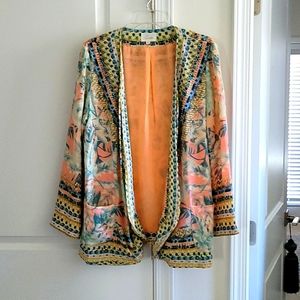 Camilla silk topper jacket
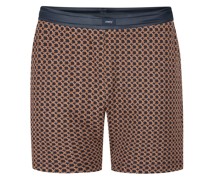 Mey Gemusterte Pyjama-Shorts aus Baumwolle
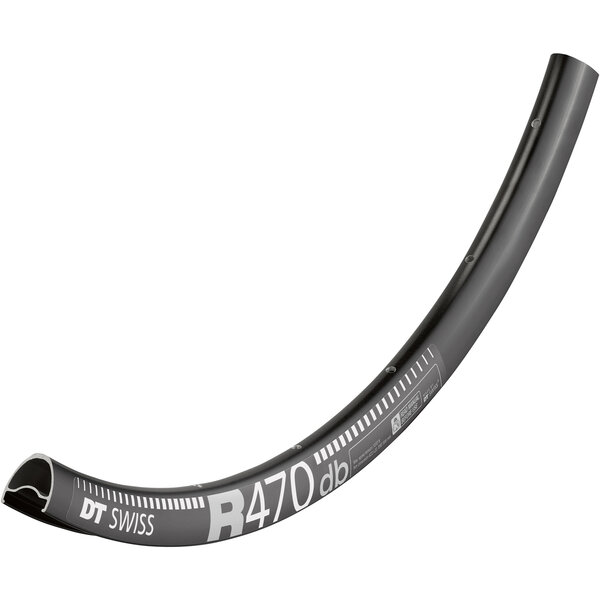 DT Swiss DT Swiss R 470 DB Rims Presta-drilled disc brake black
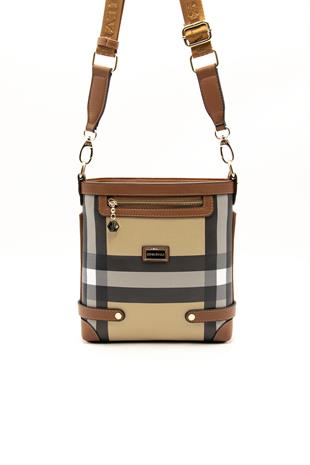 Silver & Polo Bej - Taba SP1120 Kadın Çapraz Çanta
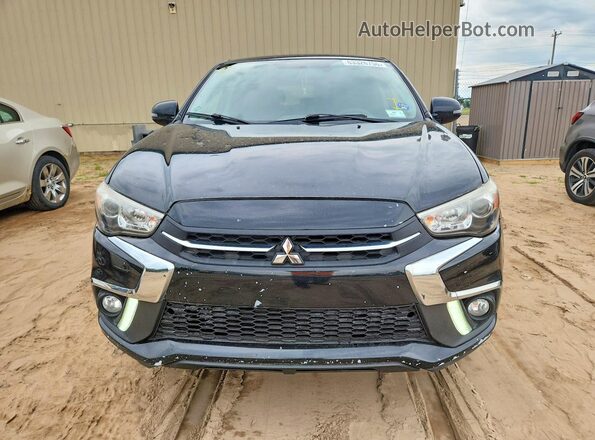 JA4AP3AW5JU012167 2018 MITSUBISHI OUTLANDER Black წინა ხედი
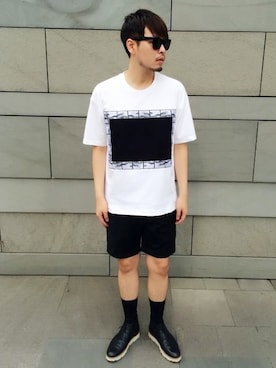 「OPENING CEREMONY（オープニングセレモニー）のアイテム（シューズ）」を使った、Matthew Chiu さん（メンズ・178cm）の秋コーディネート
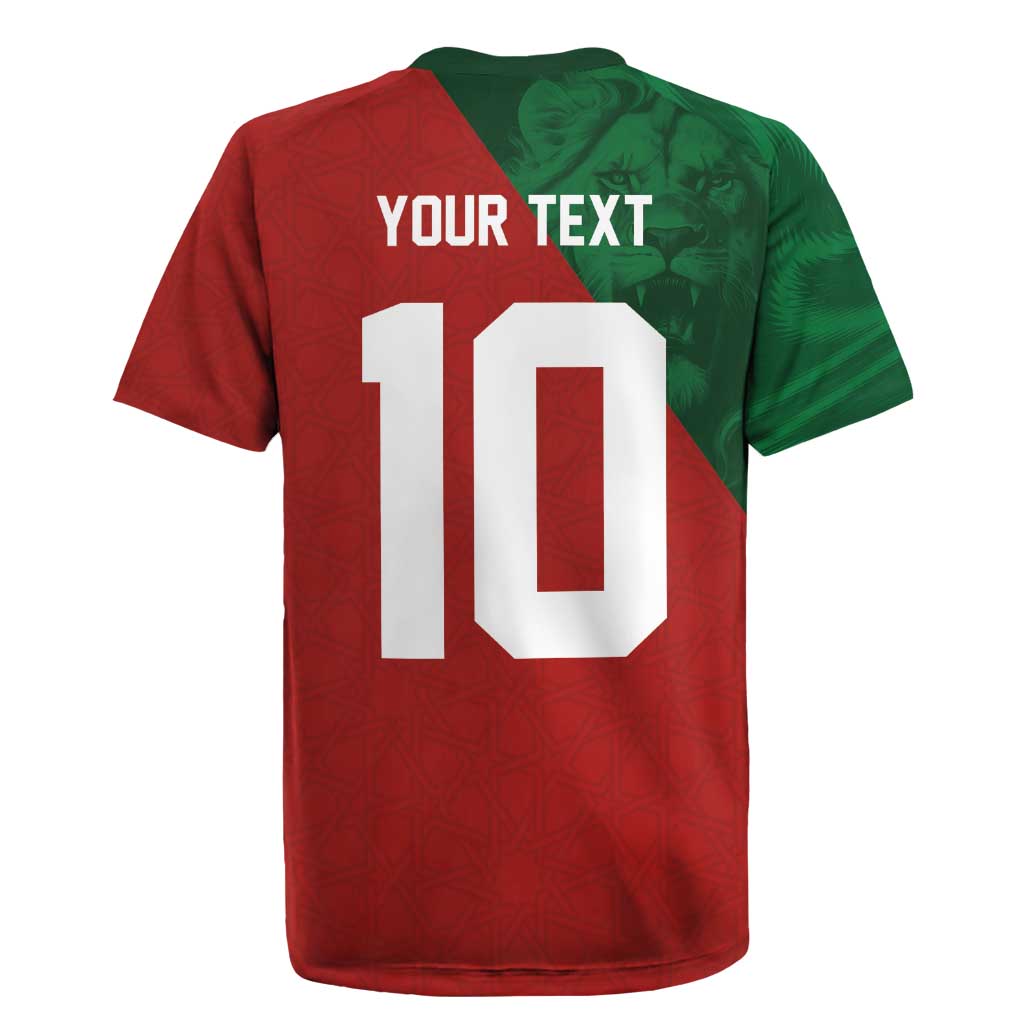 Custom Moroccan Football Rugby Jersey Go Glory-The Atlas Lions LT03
---
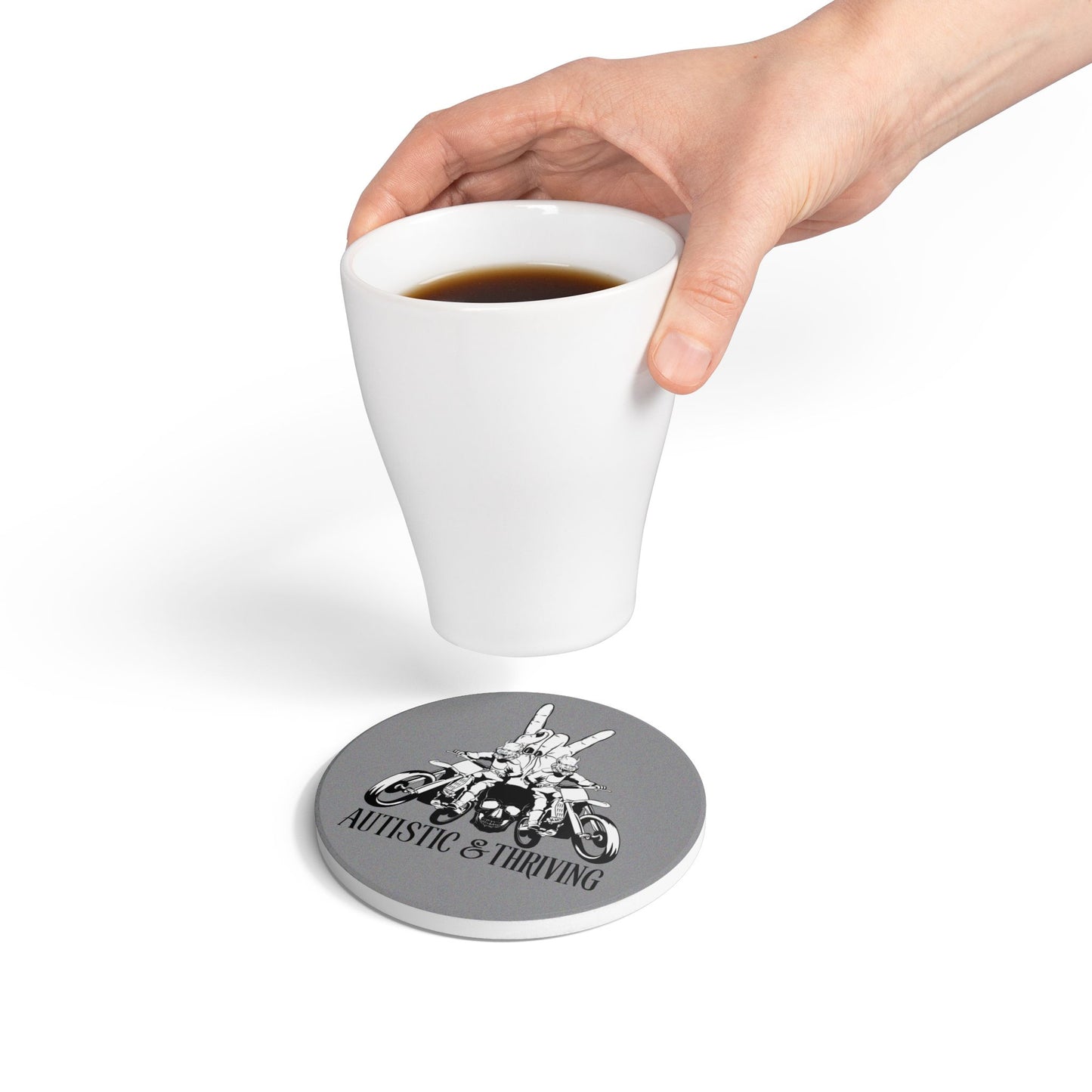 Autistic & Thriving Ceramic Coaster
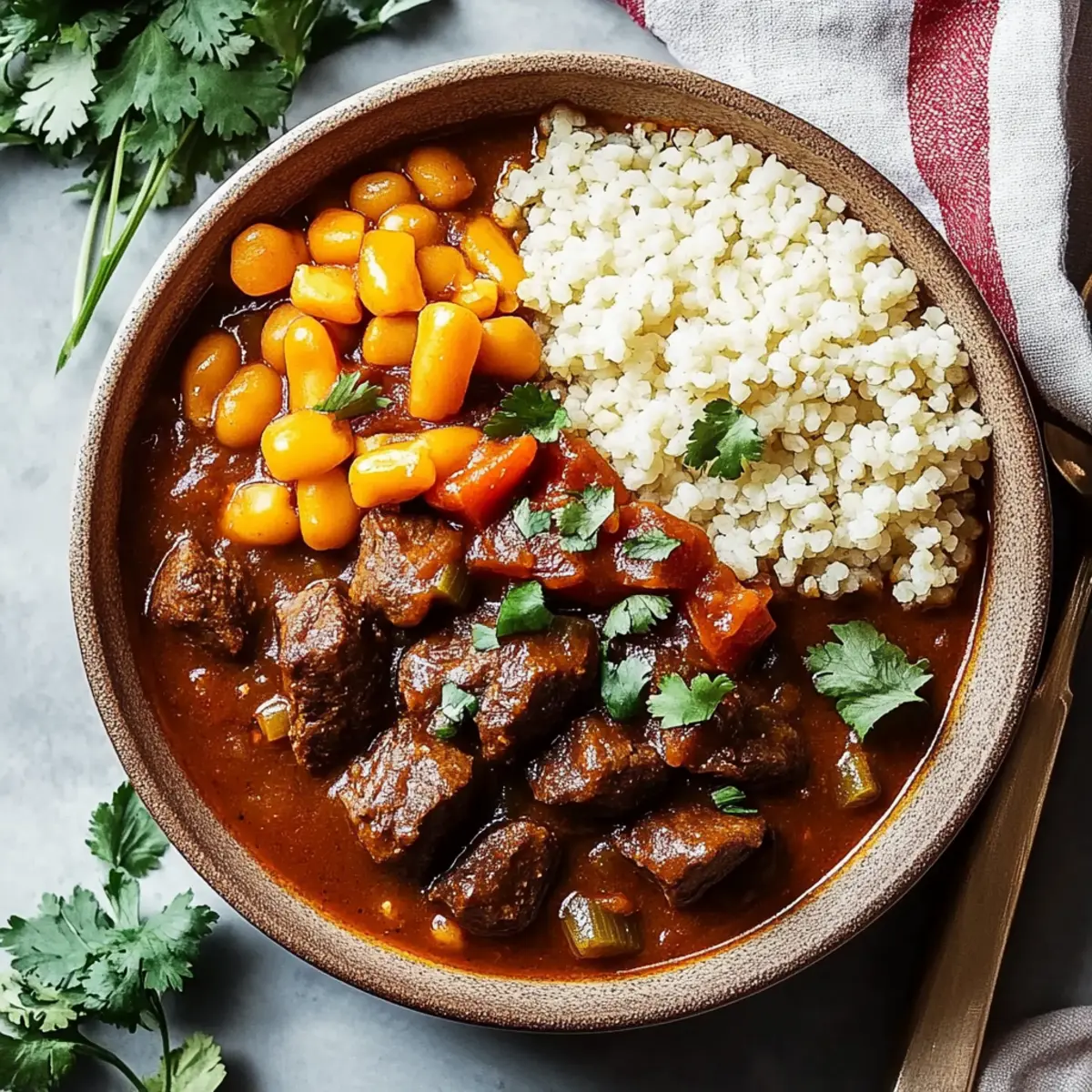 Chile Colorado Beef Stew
* * *
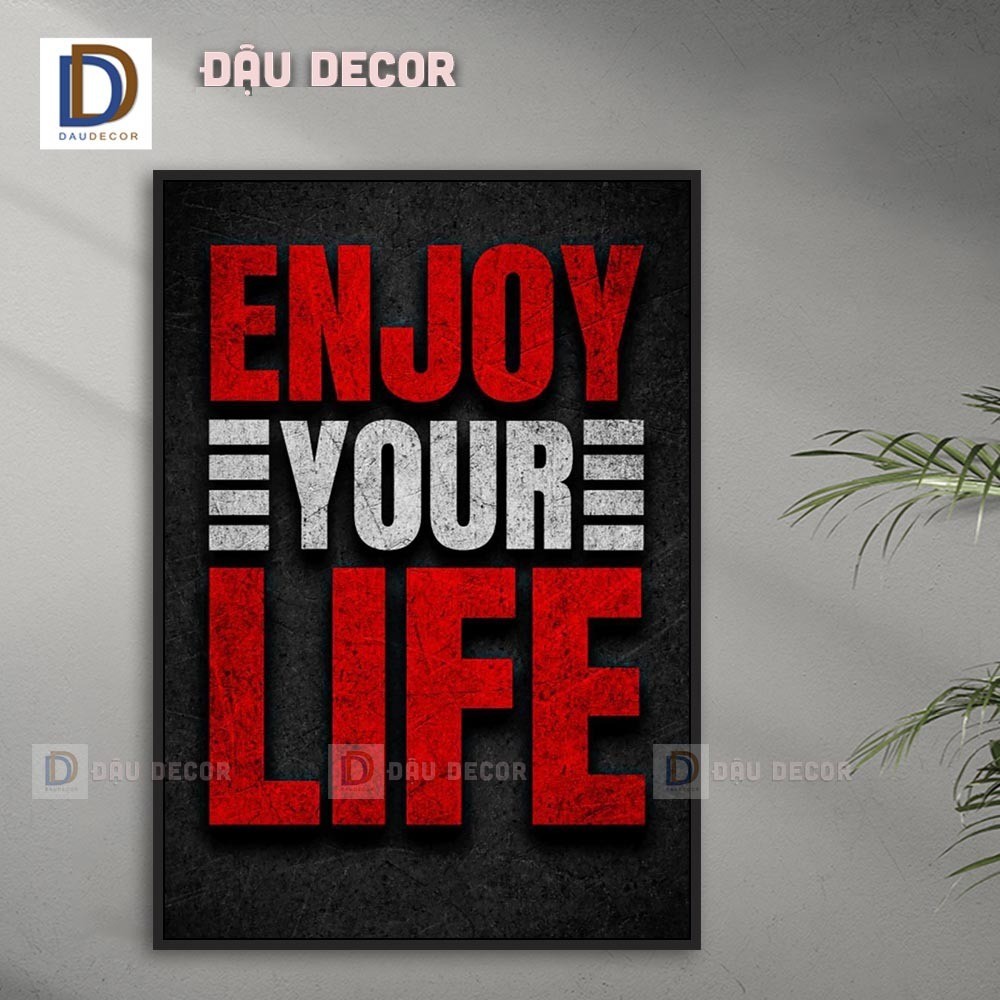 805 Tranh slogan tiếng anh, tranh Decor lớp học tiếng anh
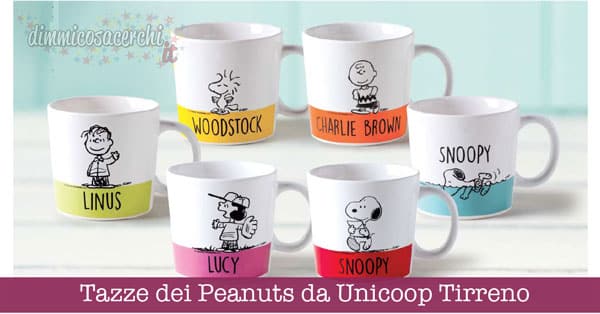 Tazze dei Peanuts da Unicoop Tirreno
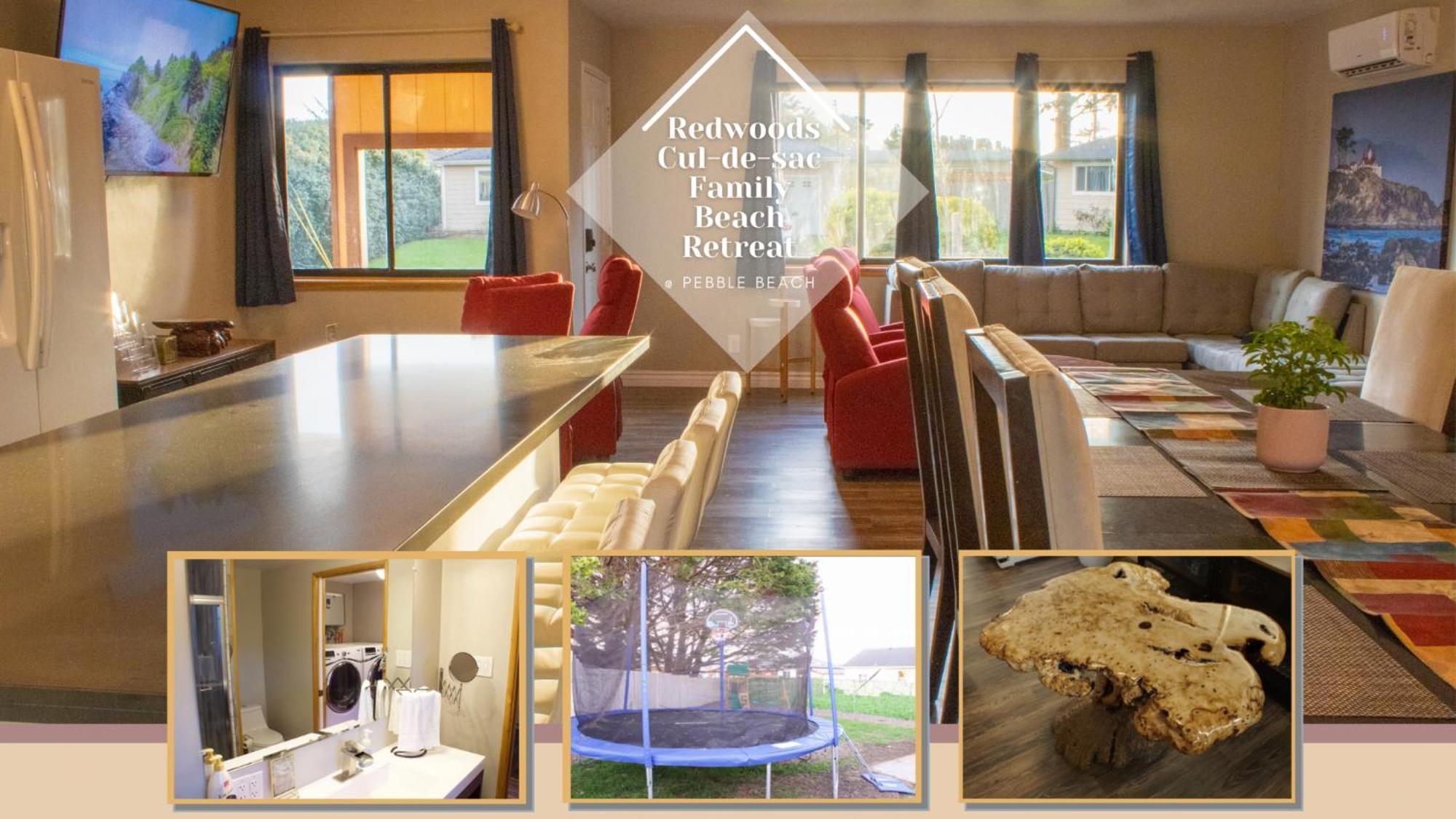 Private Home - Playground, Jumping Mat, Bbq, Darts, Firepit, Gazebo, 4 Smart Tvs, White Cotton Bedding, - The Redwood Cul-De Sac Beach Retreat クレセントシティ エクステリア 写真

■ **Exercise requirements**
Exercise for the records above: copy only the lines from the one with "Camilla silk topper jacket" to the one with "Custom Moroccan Football", both ends kept, and drop the pictures.

■ **Expected output**
 Camilla silk topper jacket
 Mey Gemusterte Pyjama-Shorts aus Baumwolle
 DT Swiss DT Swiss R 470 DB Rims Presta-drilled disc brake black
 Silver & Polo Bej - Taba SP1120 Kadın Çapraz Çanta
 JA4AP3AW5JU012167 2018 MITSUBISHI OUTLANDER Black წინა ხედი
 「OPENING CEREMONY（オープニングセレモニー）のアイテム（シューズ）」を使った、Matthew Chiu さん（メンズ・178cm）の秋コーディネート
 Custom Moroccan Football Rugby Jersey Go Glory-The Atlas Lions LT03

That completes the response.